Consumer advocate: Predatory lending still ‘major problem’ in Arizona
Tuesday, Sept. 13, 2016
PHOENIX – Consumers nationwide have submitted nearly 10,000 complaints with the Consumer Finance Protection Bureau about short-term consumer loans they believed were unfair, according to a recent analysis conducted by the Arizona PIRG Education Fund. The complaints were submitted over the past two and a half years.
The analysis proves there’s still a “major problem” with this type of lending – both nationwide and in Arizona, according to the Arizona Public Interest Research Group.
Congress created the Consumer Finance Protection Bureau in 2010 to oversee mortgages, payday loans and other consumer borrowing.
The Arizona group’s analysis found that 91 percent of the complaints that contained written explanations dealt with some sort of unaffordability, and that of all the loan options, payday loans seemed to be the most complained about.
In 2010, Arizonans voted to ban payday loan businesses from the state. Critics pointed at triple-digit interest rates and aggressive collection techniques that earned them the title of “predatory loans.”
“The problem is that title lending is still legal in Arizona,” said Diane Brown, executive director of the group. “So while Arizona voters banned payday lending at the ballot box … every year since then, new attempts have been made to revitalize that industry, and we have seen an emergence of title lending over the last several years.”
Arizona has the seventh most-concentrated title loan market in the country with one outlet for every 8,072 adults, according to a report from the Consumer Federation of America and the Southwest Center for Economic Integrity.
The report said the number of title loan outlets grew from about 160 locations in 2008 to more than 630 in 2015, which exceeds the number of payday lenders that surrendered their licenses in 2010.
Brown said these businesses “encourage consumers to come on in, and they can get that loan immediately and help to pay their bills. The problem is that once a consumer is putting up their car title. … They often would be faced with a triple-digit interest rate that either they weren’t apprised of at that time, or they were somehow convinced that they would be able to pay it.”
Arizona also has seen the rise of flexible-credit loans – better known as flex loans – and registration loans, where you can borrow money without owning your car. All you need to do is show that you have the registration to it, according to several registration loan websites.
Critics point at the loans’ high interest rates as a sign that these relatively new forms of lending in the state are just efforts by the lenders to pick up where payday loans left off.
“Even though we don’t have payday loans technically in Arizona, we still have auto title lending, which have (triple digit interest rates),” said Cynthia Zwick with the Arizona Community Action Association.
But proponents of the loans say the high interest rates are necessary because of the nature of the business.
“In order to be able to service that need – small dollar, short-term, challenged credit profiles – you have to charge a rate of return on the loan that allows the business to make a profit,” said Scott Allen, president of the Arizona Title Loan Association. “Businesses that don’t make profit, that’s called charity.”
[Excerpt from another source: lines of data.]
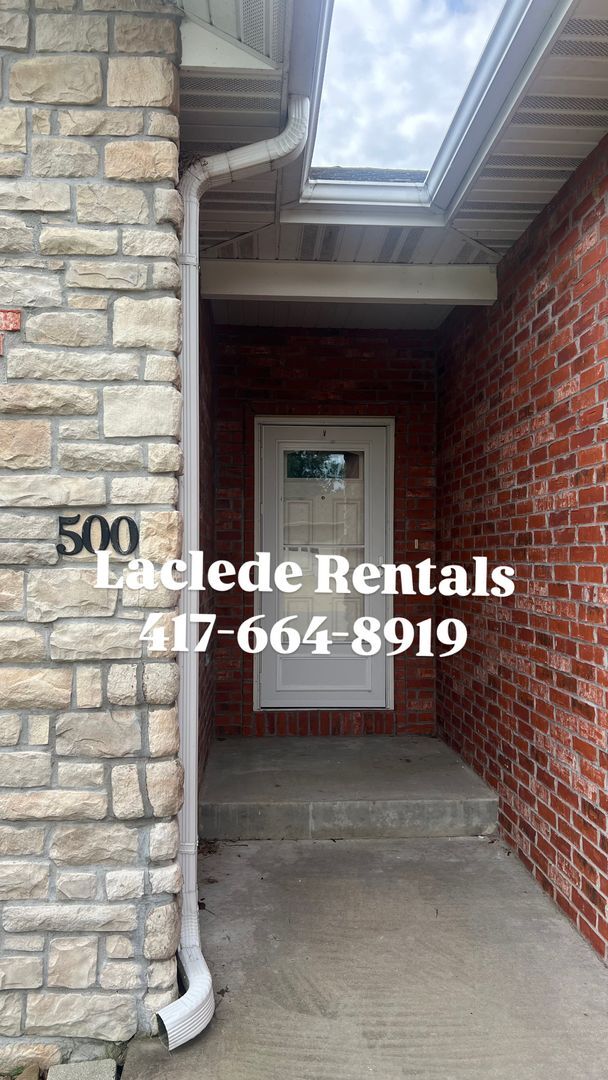 Photo - 2 Bedroom 2 Bathroom Duplex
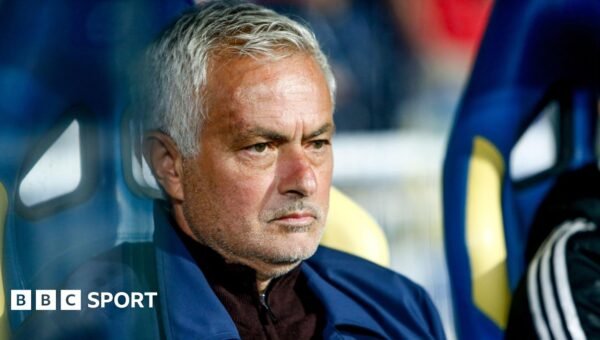 Mourinho signs three-year deal to return as Real Madrid boss
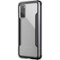 Raptic - Shield Case for Samsung Galaxy S20 and S20 5G - Black-Front_Standard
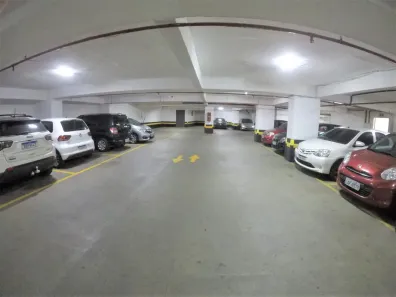 Apartamento com 2 Quartos para alugar, 60m² no Botafogo, Rio de Janeiro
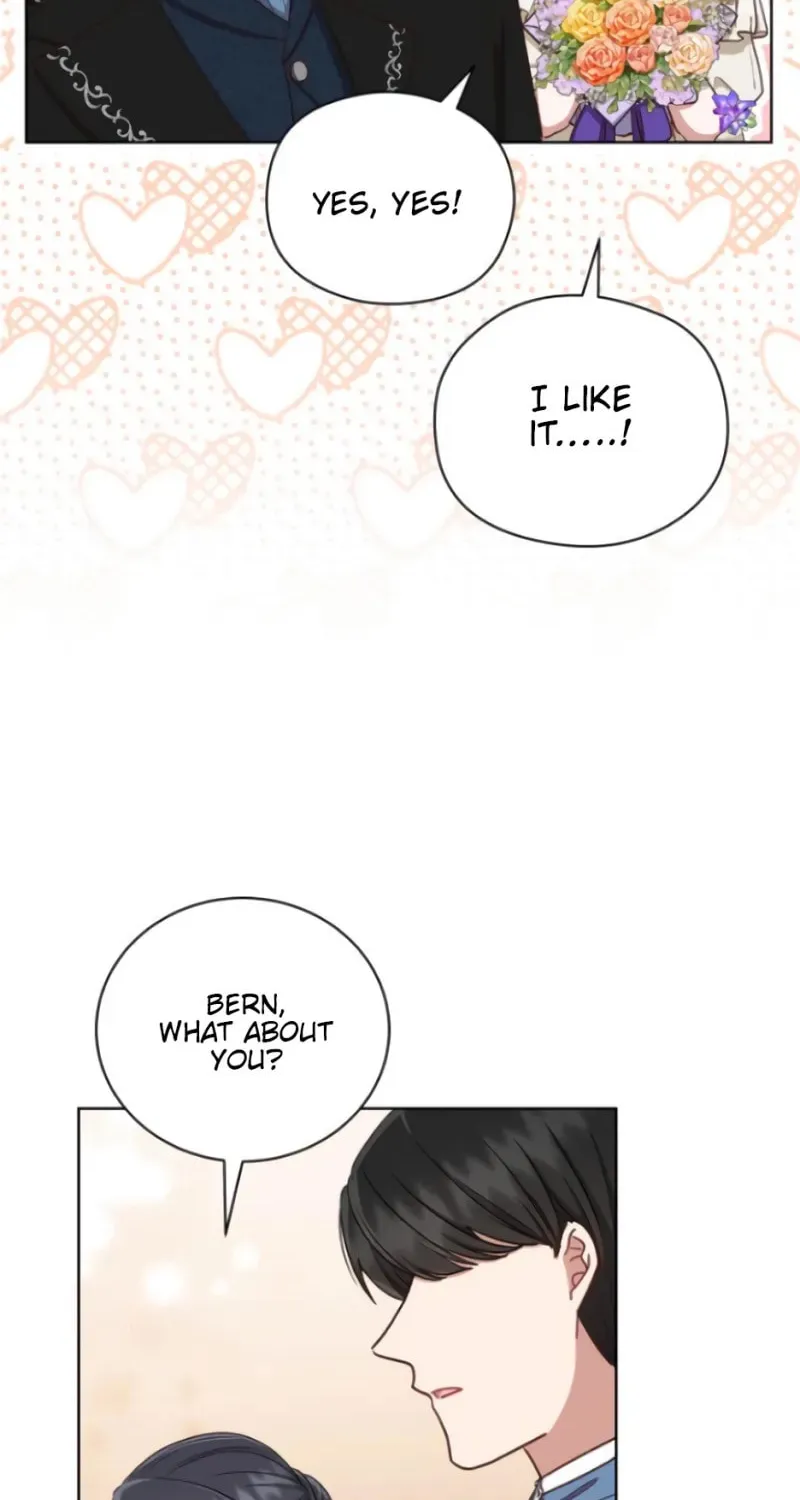 Unrequited Love Doesn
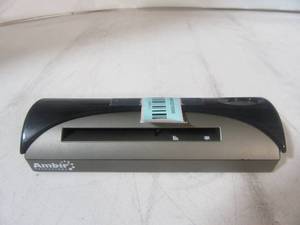 Ambir tech PS667-3 Scanner&nbsp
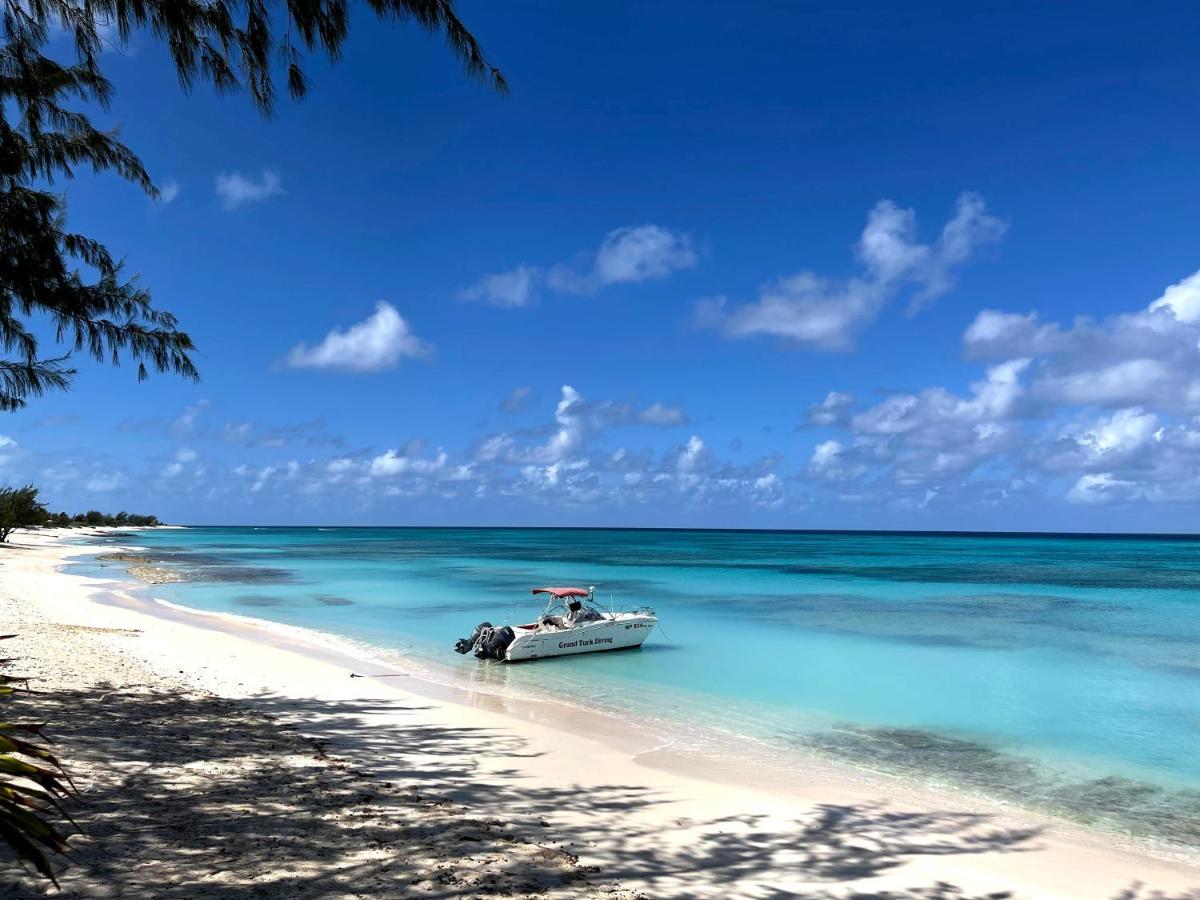 Osprey Beach Hotel Cockburn Town Luaran gambar
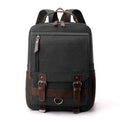 Versatile Multi-Pocket Backpack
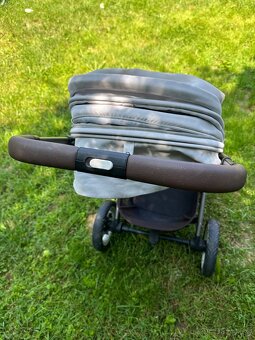 Cybex talos s lux - 8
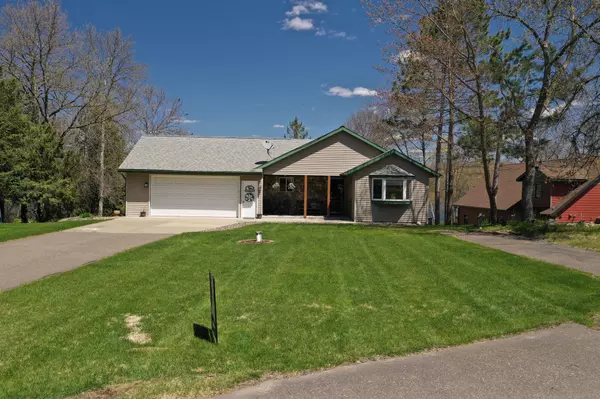 Burtrum, MN 56336,32950 Conifer DR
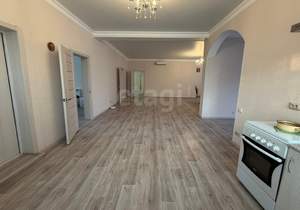 Дом 159м², 1-этажный, участок 6 сот.  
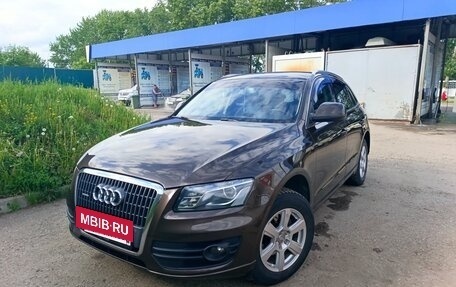 Audi Q5, 2010 год, 1 500 000 рублей, 2 фотография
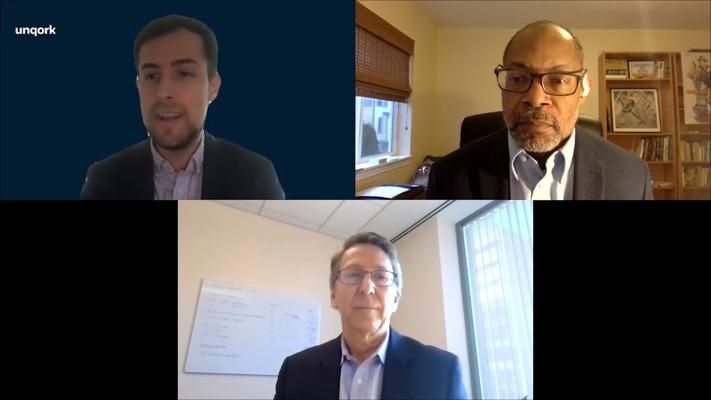 Joseph Burdick, photo 1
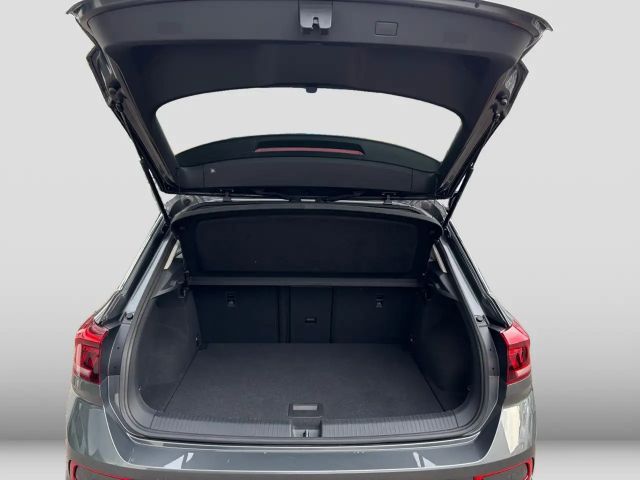 Volkswagen T-Roc DSG Style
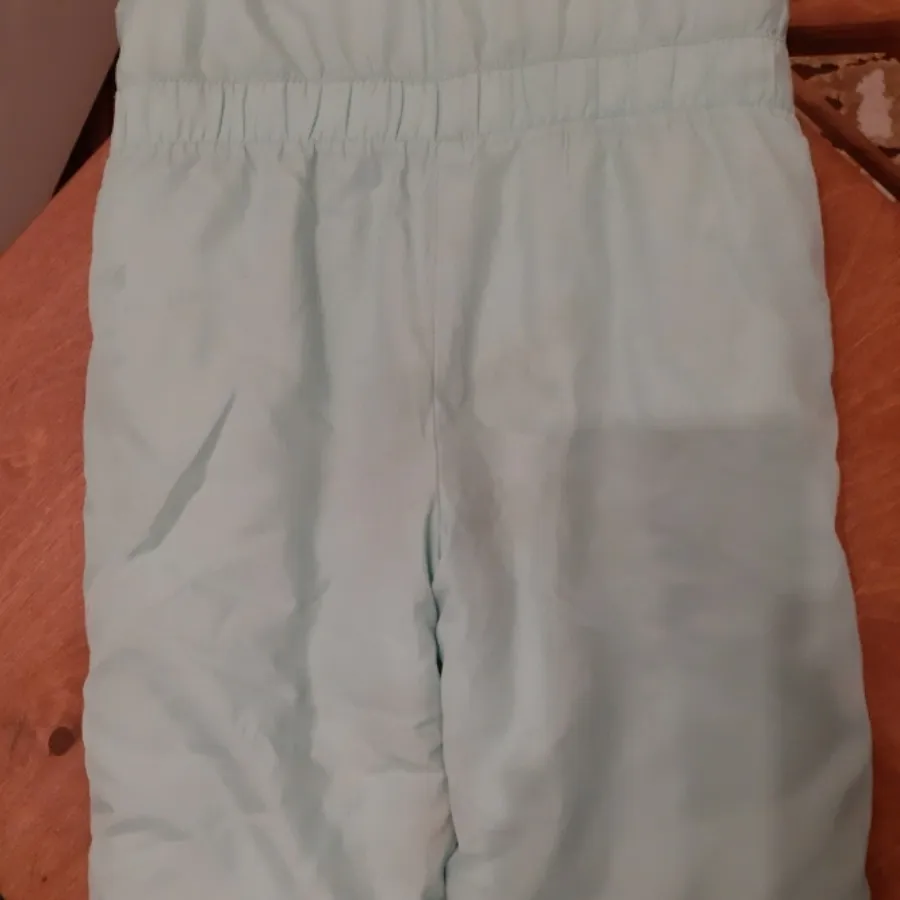 لباس اسکی دوبنده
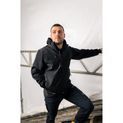 Hard Yakka Toughmaxx Vest Black additional 8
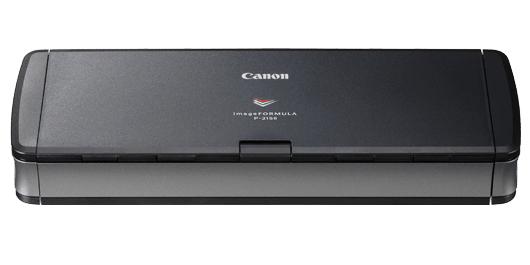 Canon Tarayıcılar Canon imageFORMULA P-215II
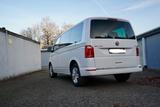 Volkswagen T6 Multivan, Generation- Six, Leder-Alcantara,  - VW T6 Multivan Gebrauchtwagen in Hannover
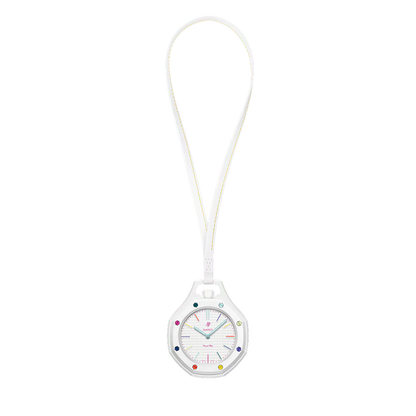 HUIT BLANC | 1:1 Inspired Replica Edition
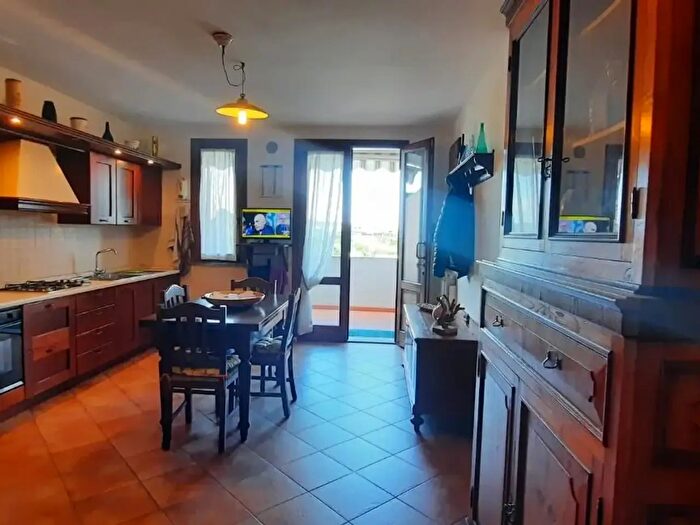 Appartamento trilocale in vendita in Montopoli In Val DArno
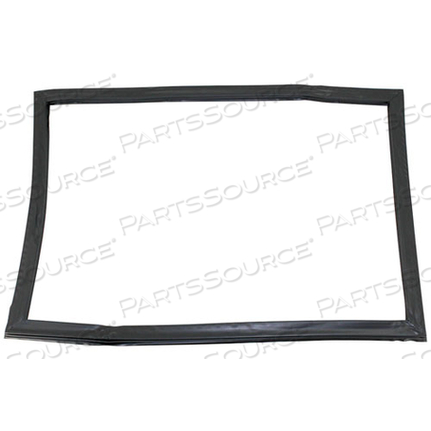 DOOR GASKET - 17-1/8" X 25-5/8" 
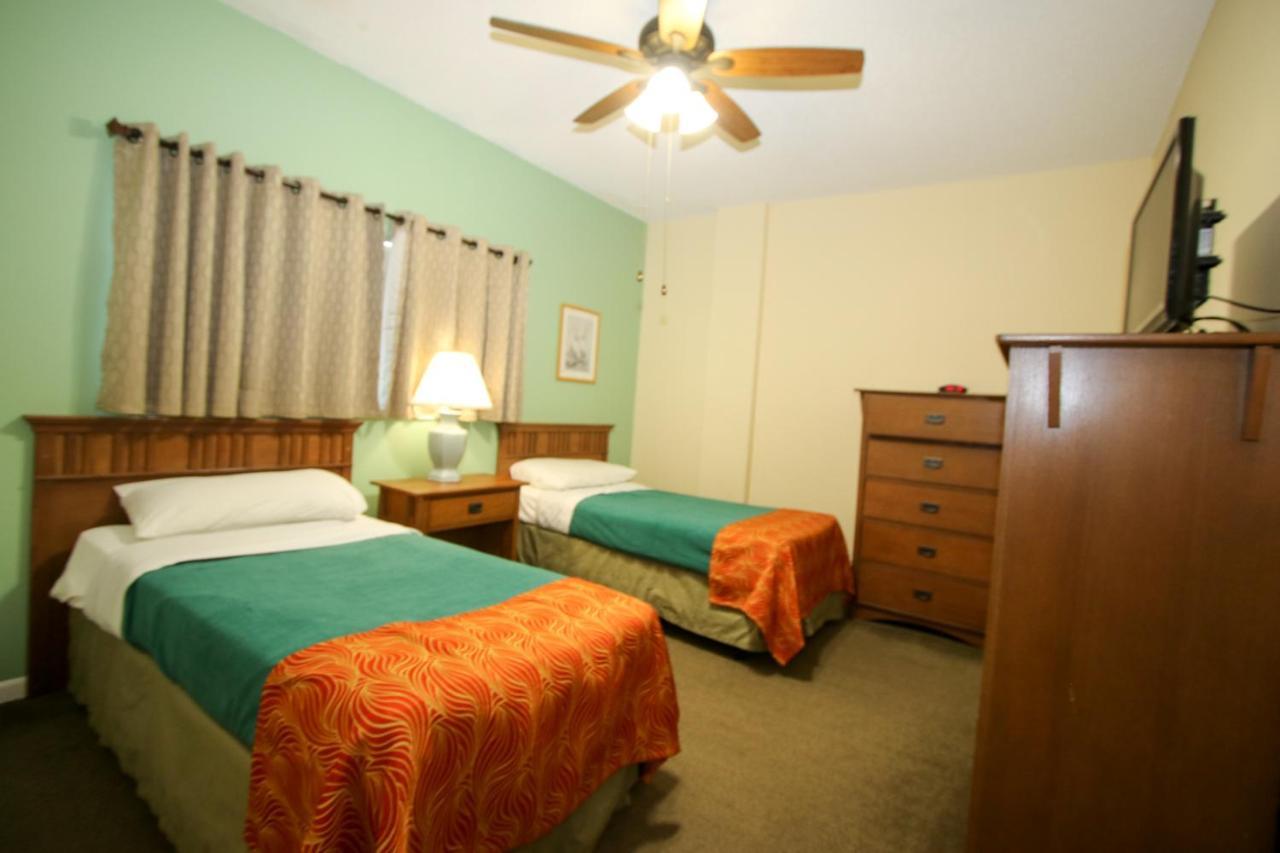 All Seasons Vacation Resort By Liberte Madeira Beach Kültér fotó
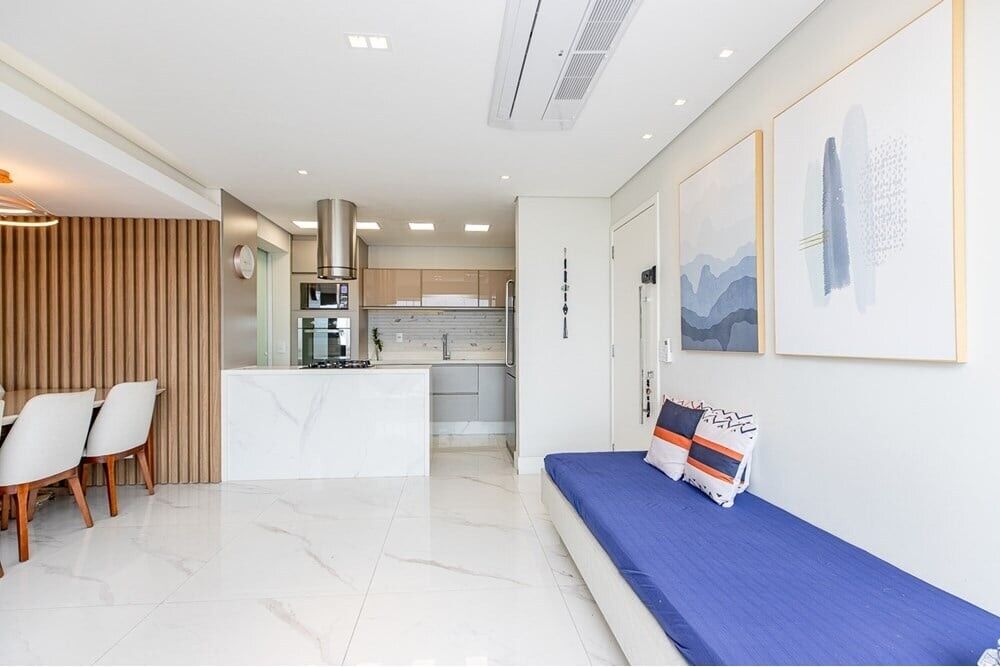 Apartamento, 2 quartos, 85 m² - Foto 10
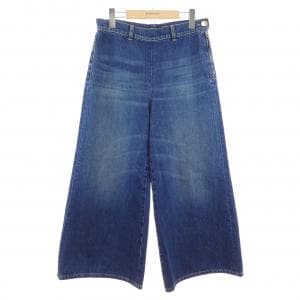 シャネル CHANEL LOOK36 P78312V70544 ジーンズ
Both sides do agree the key to a safe and secure loan is for the consumer to be knowledgeable about the terms and whether he or she can repay the money. However, both sides have different opinions on how that should be done.
“(It’s important that) people know what they’re options are, and that they have a chance to understand – before they enter into a contract – what the implications might be,” Brown said.
That means more regulations from the Consumer Finance Protection Bureau, Brown said. Without national regulation, the incentive for stronger education and prevention laws would be missing, she added.
The Arizona Title Loan Association, on the other hand, said consumers are smart enough to decipher when they enter a loan agreement they cannot pay back.
“If somebody says to me that, ‘I think that these customers are better off without having access to credit,’ I can’t accept that argument,” Allen said.
Allen also added that limiting consumers’ access to these businesses would be a huge mistake, given that the only reason they have thrived is because there is such a demand for short-term loans.
“If they could get it somewhere else for less money, why wouldn’t they be going there already?” Allen said.
The CFPB is considering national legislation that would prevent lenders from issuing more than six loans a year before verifying whether the consumer can afford another loan, among other provisions to stop debt traps.